#### BRIEF:
In the entries below, begin at the line that has "Блокнот в наборе", stop after the line that has "НАБОР СВЕРЛ И", and output those lines exactly with no pictures.

INPUT DATA Start Marker

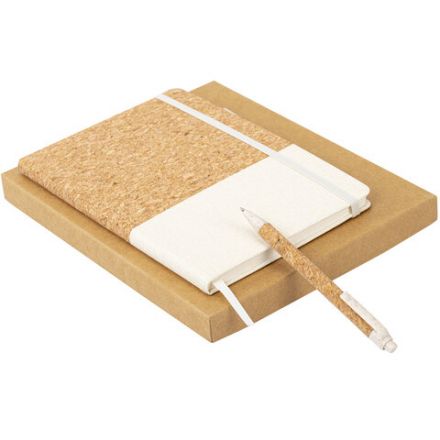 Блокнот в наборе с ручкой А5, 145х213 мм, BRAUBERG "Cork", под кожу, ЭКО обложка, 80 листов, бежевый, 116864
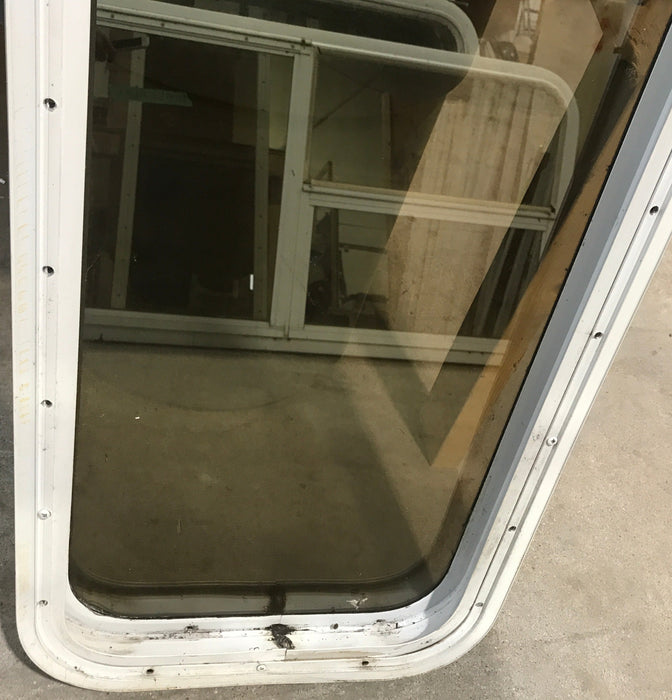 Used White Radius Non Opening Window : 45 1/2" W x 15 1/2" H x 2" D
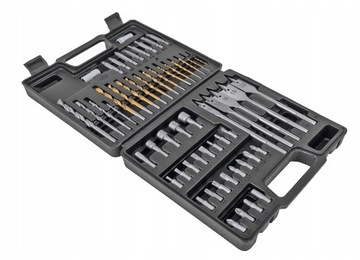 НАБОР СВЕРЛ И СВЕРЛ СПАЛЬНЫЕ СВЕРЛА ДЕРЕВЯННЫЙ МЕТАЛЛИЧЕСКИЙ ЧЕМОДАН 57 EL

INPUT DATA End Marker
INPUT DATA Start Marker

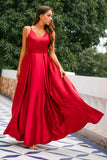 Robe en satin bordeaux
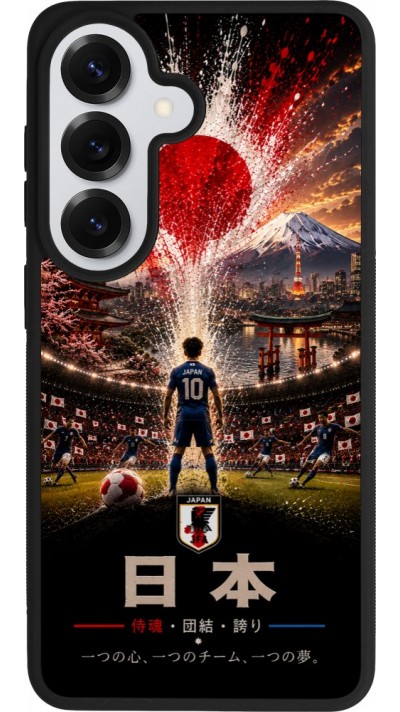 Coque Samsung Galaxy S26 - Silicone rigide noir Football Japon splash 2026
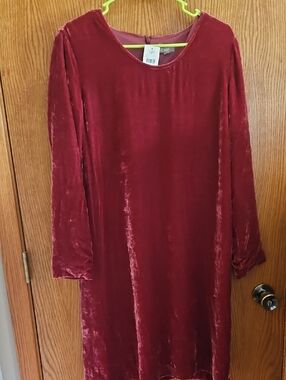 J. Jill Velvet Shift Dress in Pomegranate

INPUT DATA End Marker

#### EXERCISE OUTPUT:
 Блокнот в наборе с ручкой А5, 145х213 мм, BRAUBERG "Cork", под кожу, ЭКО обложка, 80 листов, бежевый, 116864
 Used White Radius Non Opening Window : 45 1/2" W x 15 1/2" H x 2" D
 НАБОР СВЕРЛ И СВЕРЛ СПАЛЬНЫЕ СВЕРЛА ДЕРЕВЯННЫЙ МЕТАЛЛИЧЕСКИЙ ЧЕМОДАН 57 EL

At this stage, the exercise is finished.